As a young man inspired by the nonviolent resistance of Dr. Martin Luther King Jr. and Rosa Parks, John participated in sit-ins at segregated lunch counters in Nashville. The sit-ins spread across the South and led to the Freedom Rides, where Lewis and his fellow activists braved baseball bats and iron pipes to integrate interstate bus and travel facilities.
Credit: contributed
Credit: contributed
Lewis was 23 when, on the steps of the Lincoln Memorial at the dais with Martin Luther King Jr. at the March on Washington, he called for passage of the Civil Rights Act and courageously proclaimed, “‘One man, one vote’ is the African cry. It is ours too. It must be ours!”
The following year, he and his fellow activists launched Freedom Summer in Mississippi. They would register nearly half a million people to vote.
Lewis was 25 years old when his skull was fractured in a beating on the Edmund Pettus Bridge for leading a march to help register Black voters in Alabama. He crossed that bridge with 25,000 people in tow two weeks later on the heels of President Lyndon Johnson saying, “Their cause must be our cause too. Because it is not just Negroes, but really it is all of us, who must overcome the crippling legacy of bigotry and injustice … . And we shall overcome.” What became known as Bloody Sunday led to the passage of the Voting Rights Act.
In 1970, Lewis became head of the Voter Education Project, which in the decade following the passage of the Voting Rights Act moved the number of Black people registered to vote in the South from 2 percent to 60 percent and forever changed the political landscape of the South.
In 1979, President Jimmy Carter appointed Lewis to head VISTA. In 1981, Lewis began a five-year stint on the Atlanta City Council, where he always stood for ethics in government. In 1985, he made a successful run for Congress and went on to represent Georgia’s 5th district and be reelected 18 times.
He never stopped; he never slowed down.
Sixty years after Lewis and others risked their young lives to desegregate daily life and voting rights, the urgency of the effort persists. Innocent Black people are still beaten, arrested and killed for living their lives. Tyre Nichols is the latest casualty that we know about. Voting rights are being assaulted and manipulated.
Books about the history of Blacks in America are being banned.

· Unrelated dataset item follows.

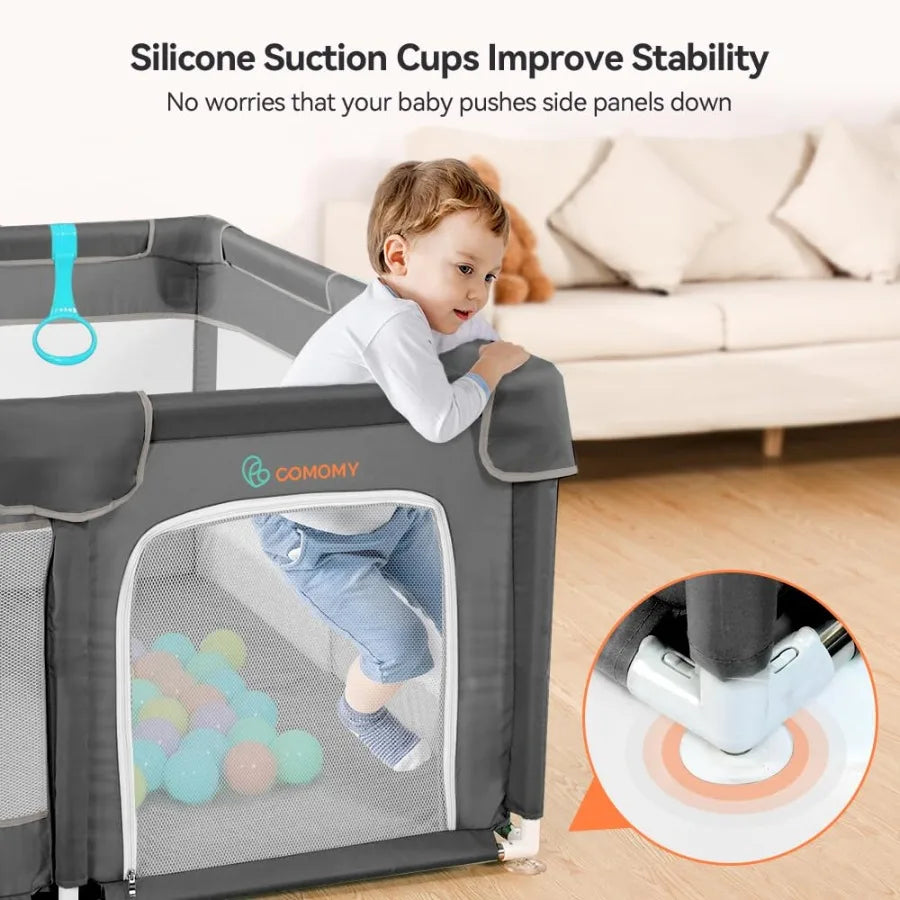 Baby Playpen With Full Mesh Design Safe Non Slip Fence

AP classes about Black history and African American Studies classes are being prohibited. And there is even an effort to rename part of Rep. John Lewis Way in Nashville to Donald Trump Boulevard.
Congressman Lewis reminded us in a letter he wrote just a couple of days before he left us that “Democracy is not a state. It is an act and each generation must do its part to help build what we call the Beloved Community, a nation and world society at peace with itself.” He went on to say “While my time here has now come to an end, I want you to know that in the last days and hours of my life you inspired me. You filled me with hope about the next chapter of the great American story when you used your power to make a difference in our society … . That is why I had to visit Black Lives Matter Plaza in Washington.”
Lewis did not want us to ever forget that it is the courage and vision of young people that changes the course of history.
Before he passed, Lewis created the John and Lillian Miles Lewis Foundation to carry on the work that defined his and his wife’s lives. As we end Black History Month, we must embrace “good trouble” and do all that we can to prevent history repeating itself. We can and must build the Beloved Community to which John Robert Lewis dedicated his life and for which he risked his life.
Linda Earley Chastang is president and CEO of the John and Lillian Miles Lewis Foundation Inc.